"About the end of March 1881, after recovering from severe illness, while I was yet confined to my bed, I had the following experience. I was staying at the time at 172 Benefit Street, Providence, R.I.
"I had been asleep and suddenly became, as it were, half awake, being conscious of some of the objects in the room. I then heard a voice as if from the room adjoining, and made an effort to see the speaker, but I found myself unable to move. Then appeared, as though in a mist, an ordinary sofa, and behind it the vague outline of a woman's figure. I did not recognise the figure, but I recognised the voice which I heard; it was the voice of my hostess, Mrs. B., who was at that time not in the house. She was saying, 'I am ill and all worn out. Mrs. Z. has been so nervous, and in such a peculiar mental state, that it has quite affected my health' (or words to that effect), 'but I wouldn't for the world have her know it.' I then made a stronger effort to distinguish the figure, and woke completely to find myself in my room with my nurse. I inquired of the nurse who was in the other room, which was used as a sleeping-room by my child and her nurse. She said that no one was there; but I was so convinced that the voice had come from there that I insisted upon her going and looking. She went, but found no one there, and the door into the hall was latched. I then looked at the clock, which was opposite my bed. It was about 5 P.M. In the evening, about 8 P.M., Mrs. B. came up to see me, and I asked her where she had been that afternoon at 5 o'clock. She said that she had been at Mrs. G.'s (about two miles off). I said, 'You were talking about me.' She said, 'Yes, I was,' looking very much surprised. I repeated to her what I had seemed to hear her say, word for word. She was much astonished, and was very curious as to what else I had heard or seen. I told her that it was all very vague, except the appearance of the sofa, which I described in detail as being covered with a peculiar striped linen cloth, green stripes about two inches wide, alternating with pale-drab stripes, somewhat wider, which appeared to be the natural colour of the unbleached linen. She said that she had spoken the words which I had heard, and that she was at the time reclining on a sofa, but she said that the sofa was covered with green velvet.

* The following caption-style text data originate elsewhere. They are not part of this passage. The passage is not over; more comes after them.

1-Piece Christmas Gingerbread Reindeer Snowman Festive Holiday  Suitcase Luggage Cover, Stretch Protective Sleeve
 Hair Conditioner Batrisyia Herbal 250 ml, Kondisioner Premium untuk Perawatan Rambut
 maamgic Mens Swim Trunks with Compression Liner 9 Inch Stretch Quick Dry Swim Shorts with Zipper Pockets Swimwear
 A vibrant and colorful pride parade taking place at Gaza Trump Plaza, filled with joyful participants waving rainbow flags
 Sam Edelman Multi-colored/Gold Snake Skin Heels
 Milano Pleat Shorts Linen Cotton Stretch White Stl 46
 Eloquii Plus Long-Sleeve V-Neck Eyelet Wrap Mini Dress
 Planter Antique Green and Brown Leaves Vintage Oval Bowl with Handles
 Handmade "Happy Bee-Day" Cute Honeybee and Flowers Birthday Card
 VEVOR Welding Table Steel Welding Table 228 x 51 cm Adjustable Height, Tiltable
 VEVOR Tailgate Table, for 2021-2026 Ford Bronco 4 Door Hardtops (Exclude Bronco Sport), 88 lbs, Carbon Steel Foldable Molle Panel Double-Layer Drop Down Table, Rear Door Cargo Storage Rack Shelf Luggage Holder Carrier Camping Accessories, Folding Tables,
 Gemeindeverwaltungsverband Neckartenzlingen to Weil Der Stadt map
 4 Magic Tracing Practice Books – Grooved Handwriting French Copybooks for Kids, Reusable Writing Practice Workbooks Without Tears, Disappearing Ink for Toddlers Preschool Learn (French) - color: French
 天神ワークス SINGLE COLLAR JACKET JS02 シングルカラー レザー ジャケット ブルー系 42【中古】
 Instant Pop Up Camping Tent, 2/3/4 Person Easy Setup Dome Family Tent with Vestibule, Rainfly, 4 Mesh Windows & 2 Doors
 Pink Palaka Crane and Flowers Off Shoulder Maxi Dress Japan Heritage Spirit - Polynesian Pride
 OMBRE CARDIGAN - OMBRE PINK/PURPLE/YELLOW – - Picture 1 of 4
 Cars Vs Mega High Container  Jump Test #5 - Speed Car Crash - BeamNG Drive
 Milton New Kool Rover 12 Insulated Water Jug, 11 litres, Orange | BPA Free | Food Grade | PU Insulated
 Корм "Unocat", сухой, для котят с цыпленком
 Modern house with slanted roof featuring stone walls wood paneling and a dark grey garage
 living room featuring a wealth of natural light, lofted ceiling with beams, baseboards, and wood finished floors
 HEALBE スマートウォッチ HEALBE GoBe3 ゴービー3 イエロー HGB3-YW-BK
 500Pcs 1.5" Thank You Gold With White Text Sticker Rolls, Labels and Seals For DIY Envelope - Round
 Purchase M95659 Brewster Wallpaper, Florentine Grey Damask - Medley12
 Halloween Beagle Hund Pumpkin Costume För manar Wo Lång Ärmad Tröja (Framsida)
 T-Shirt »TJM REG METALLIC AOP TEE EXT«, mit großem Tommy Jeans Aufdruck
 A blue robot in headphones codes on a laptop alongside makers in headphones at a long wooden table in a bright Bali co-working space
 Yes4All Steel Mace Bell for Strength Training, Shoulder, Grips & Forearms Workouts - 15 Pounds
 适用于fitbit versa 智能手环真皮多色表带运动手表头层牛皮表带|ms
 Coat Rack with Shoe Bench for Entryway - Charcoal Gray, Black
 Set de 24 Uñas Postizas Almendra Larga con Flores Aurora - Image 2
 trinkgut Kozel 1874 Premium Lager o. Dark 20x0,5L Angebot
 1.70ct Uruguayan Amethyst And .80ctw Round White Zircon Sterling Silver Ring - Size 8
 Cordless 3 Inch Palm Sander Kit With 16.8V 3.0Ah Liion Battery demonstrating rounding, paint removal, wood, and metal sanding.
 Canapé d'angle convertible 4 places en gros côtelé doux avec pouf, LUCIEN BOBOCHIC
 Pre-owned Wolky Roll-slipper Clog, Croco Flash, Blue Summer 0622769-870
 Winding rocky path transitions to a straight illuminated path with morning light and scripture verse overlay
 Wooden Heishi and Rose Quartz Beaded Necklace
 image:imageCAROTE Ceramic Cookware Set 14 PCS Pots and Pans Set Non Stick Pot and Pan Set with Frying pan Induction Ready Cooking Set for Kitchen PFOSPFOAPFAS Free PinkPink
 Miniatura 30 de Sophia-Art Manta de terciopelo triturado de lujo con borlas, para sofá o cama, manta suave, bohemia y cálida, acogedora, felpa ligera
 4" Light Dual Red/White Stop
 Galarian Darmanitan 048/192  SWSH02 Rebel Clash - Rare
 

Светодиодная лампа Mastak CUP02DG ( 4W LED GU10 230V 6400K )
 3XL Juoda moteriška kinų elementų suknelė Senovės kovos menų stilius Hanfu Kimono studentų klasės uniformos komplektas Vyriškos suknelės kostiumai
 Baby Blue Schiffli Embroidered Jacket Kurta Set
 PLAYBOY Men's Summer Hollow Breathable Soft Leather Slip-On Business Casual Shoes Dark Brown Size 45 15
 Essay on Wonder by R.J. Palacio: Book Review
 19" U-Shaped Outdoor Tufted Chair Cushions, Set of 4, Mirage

"Next day Mrs. G. paid me a visit, and after hearing my story she exclaimed, 'You're right. The sofa had at the time the covering which you describe; it had just been put on. There is green velvet under the covering. I suppose Mrs. B. didn't notice the cover.'"
Mrs. B. writes:—
"In the year 1881, while living in Providence, on Benefit Street, No. 272, Mrs. Z. was with me, and during the winter of 1880 and the spring of 1881 she was in a peculiar mental state, and on two occasions read my thoughts and heard my voice. I remember distinctly on one occasion, when I returned from a visit to a friend, Mrs. Z. repeated the conversation that had passed between my friend and myself, and spoke of my lying on a lounge that had a striped covering. I said, 'No, it was a green plush,' but found afterwards she was right, as the summer covering had been put on.
"ELIZABETH L. B.
"BROOKLYN, N.Y., June 1887."
Mrs. G. writes from Providence, July 12th, 1887:—
"When I received your note I could not at all recall the circumstances of the vision you referred to, but afterwards Mrs. B. refreshed my memory upon the subject, and I distinctly recalled it. It was as Mrs. Z. related it to you. At the time it occurred, I remember, I thought it quite marvellous.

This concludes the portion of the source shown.